Web page caption snippets
——

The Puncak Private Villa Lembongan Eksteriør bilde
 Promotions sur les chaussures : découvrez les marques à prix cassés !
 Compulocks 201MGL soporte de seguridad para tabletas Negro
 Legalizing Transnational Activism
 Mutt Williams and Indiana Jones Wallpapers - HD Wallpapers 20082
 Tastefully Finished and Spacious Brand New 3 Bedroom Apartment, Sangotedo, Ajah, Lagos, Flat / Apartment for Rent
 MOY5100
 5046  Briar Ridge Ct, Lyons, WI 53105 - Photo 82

——

WORK ITEM
Find where "Promotions sur les" occurs in the data, and please write out that line through the last line exactly, with nothing else.

OUTPUT OF THE TASK
 Promotions sur les chaussures : découvrez les marques à prix cassés !
 Compulocks 201MGL soporte de seguridad para tabletas Negro
 Legalizing Transnational Activism
 Mutt Williams and Indiana Jones Wallpapers - HD Wallpapers 20082
 Tastefully Finished and Spacious Brand New 3 Bedroom Apartment, Sangotedo, Ajah, Lagos, Flat / Apartment for Rent
 MOY5100
 5046  Briar Ridge Ct, Lyons, WI 53105 - Photo 82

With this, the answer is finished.